[Opening Input section]
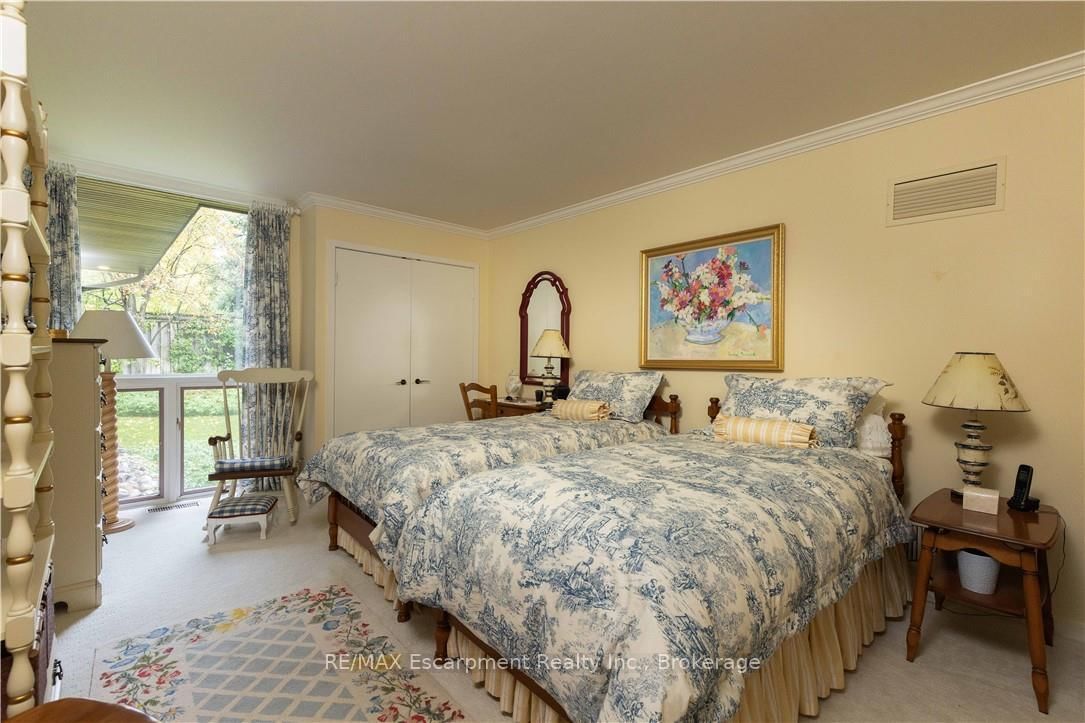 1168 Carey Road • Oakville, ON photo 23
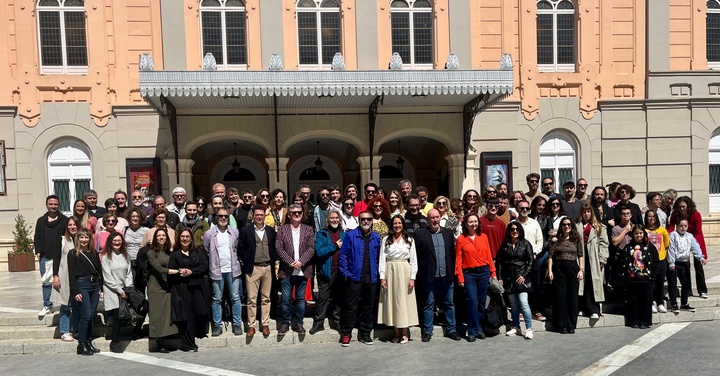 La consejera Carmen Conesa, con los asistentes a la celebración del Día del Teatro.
[Closing Input section]
[Opening Input section]
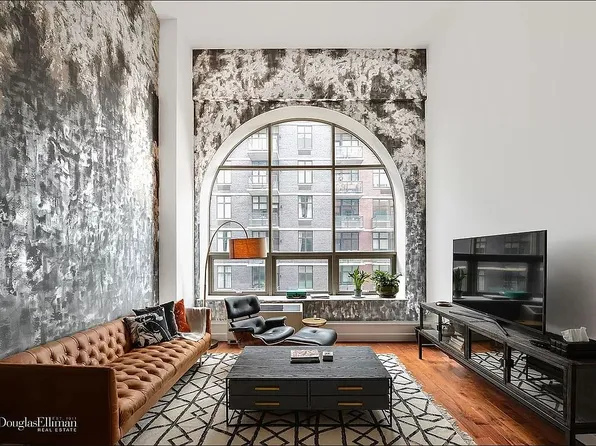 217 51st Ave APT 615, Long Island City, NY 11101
[Closing Input section]
◆ Problem description
Now transcribe the lines above exactly, starting at the line containing "1168 Carey Road • Oakville, ON photo 23" and ending at the line containing "La consejera Carmen", both lines included, pictures excluded.

◆ Result for this task
 1168 Carey Road • Oakville, ON photo 23
 La consejera Carmen Conesa, con los asistentes a la celebración del Día del Teatro.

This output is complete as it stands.